The problem.
Restate word for word the lines of the entries below, starting with the line that holds "Hairline Restoration" and ending with the line that holds "ORTHODONTIST-iPhone 14 Pro", and no others.

Exercise data.
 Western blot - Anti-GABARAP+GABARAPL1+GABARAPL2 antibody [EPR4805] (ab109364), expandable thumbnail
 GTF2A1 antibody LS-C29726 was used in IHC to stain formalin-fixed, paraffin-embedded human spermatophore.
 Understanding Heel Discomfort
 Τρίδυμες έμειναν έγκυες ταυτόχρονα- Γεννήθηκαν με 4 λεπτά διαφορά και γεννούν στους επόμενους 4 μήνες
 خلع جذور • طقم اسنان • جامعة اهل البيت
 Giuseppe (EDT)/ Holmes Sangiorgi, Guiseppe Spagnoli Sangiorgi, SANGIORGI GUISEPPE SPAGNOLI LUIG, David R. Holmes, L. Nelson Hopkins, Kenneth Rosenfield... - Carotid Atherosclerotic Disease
...
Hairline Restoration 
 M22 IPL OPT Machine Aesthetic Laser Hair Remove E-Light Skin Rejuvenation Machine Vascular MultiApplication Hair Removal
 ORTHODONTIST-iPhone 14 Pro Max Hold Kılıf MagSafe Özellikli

Answer to this task.
Hairline Restoration 
 M22 IPL OPT Machine Aesthetic Laser Hair Remove E-Light Skin Rejuvenation Machine Vascular MultiApplication Hair Removal
 ORTHODONTIST-iPhone 14 Pro Max Hold Kılıf MagSafe Özellikli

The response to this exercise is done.